BEGIN
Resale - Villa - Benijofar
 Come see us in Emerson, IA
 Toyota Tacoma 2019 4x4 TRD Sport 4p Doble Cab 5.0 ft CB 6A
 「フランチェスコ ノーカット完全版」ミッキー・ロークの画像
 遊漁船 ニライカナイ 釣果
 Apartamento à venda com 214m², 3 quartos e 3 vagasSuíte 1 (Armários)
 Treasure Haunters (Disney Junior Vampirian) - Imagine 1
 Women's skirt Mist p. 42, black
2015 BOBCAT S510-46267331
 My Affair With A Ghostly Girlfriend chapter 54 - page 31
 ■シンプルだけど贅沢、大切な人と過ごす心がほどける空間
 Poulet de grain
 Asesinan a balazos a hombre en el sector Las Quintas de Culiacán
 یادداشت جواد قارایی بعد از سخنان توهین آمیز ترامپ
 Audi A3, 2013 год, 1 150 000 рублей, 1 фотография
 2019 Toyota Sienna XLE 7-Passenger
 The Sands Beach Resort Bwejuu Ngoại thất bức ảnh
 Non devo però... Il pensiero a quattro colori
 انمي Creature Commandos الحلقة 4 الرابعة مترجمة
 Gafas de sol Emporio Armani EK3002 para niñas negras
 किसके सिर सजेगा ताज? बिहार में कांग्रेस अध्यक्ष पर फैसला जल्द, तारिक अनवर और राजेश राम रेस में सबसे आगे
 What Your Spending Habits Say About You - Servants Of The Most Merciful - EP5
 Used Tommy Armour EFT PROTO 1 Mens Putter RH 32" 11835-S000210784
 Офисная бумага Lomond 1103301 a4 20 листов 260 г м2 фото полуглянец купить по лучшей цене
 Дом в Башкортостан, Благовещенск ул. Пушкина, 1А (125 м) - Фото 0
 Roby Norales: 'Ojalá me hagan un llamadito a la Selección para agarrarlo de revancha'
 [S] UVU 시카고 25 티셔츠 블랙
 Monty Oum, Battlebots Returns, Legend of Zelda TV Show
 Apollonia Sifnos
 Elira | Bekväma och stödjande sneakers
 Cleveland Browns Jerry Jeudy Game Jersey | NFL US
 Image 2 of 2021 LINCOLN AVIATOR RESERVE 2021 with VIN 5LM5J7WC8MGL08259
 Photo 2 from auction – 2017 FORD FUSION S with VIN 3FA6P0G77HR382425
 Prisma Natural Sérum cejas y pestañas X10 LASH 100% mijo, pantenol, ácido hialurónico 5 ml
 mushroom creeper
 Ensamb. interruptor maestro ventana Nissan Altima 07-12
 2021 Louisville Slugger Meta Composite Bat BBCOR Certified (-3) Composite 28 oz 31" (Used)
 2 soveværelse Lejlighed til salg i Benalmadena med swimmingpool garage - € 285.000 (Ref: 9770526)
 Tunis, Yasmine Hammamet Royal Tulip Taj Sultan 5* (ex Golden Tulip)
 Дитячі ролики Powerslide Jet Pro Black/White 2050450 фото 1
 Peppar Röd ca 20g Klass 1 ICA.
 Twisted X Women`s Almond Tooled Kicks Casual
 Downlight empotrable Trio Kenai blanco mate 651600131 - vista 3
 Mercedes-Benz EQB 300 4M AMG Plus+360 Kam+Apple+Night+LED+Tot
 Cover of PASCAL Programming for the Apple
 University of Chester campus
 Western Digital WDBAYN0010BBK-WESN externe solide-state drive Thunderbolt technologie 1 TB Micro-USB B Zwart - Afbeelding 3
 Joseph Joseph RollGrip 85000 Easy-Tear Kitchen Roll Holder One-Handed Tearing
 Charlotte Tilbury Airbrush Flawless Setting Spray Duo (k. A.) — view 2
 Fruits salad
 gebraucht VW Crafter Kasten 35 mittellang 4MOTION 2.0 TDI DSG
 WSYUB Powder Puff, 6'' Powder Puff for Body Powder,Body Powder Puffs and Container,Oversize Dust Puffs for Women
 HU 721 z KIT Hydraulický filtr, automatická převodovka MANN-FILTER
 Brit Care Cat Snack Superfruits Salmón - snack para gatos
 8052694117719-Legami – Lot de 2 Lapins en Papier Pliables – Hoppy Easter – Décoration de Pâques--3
END
> [EXERCISE INSTRUCTIONS]:
Repeat exactly the lines above from the one with "Tunis, Yasmine Hammamet" up to and including the one with "Downlight empotrable Trio". No other line belongs in the reply.

> [ANSWER TO THIS PROBLEM]:
 Tunis, Yasmine Hammamet Royal Tulip Taj Sultan 5* (ex Golden Tulip)
 Дитячі ролики Powerslide Jet Pro Black/White 2050450 фото 1
 Peppar Röd ca 20g Klass 1 ICA.
 Twisted X Women`s Almond Tooled Kicks Casual
 Downlight empotrable Trio Kenai blanco mate 651600131 - vista 3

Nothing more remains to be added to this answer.